THE DATA:
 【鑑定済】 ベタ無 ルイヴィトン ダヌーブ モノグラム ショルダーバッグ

* * *

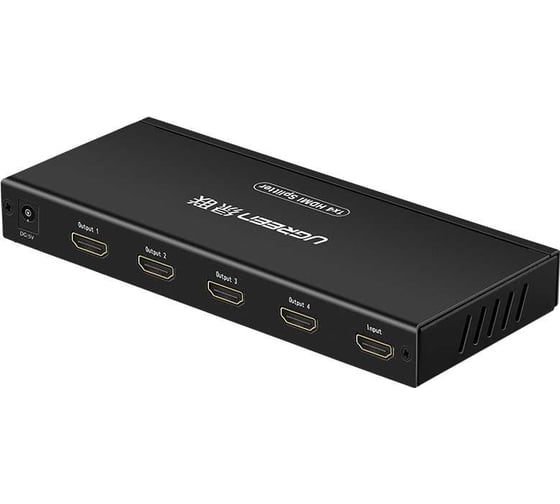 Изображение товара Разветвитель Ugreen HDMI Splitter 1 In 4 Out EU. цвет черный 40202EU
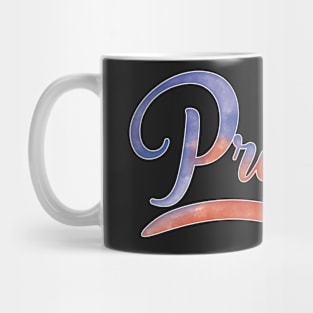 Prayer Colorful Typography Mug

THE PROBLEM:
Please set down, exactly and with no pictures, the lines in the entries above starting at the one holding "Изображение товара Разветвитель" and ending at the one holding "Prayer Colorful Typography Mug", ends included.

TASK ANSWER:
 Изображение товара Разветвитель Ugreen HDMI Splitter 1 In 4 Out EU. цвет черный 40202EU
 Prayer Colorful Typography Mug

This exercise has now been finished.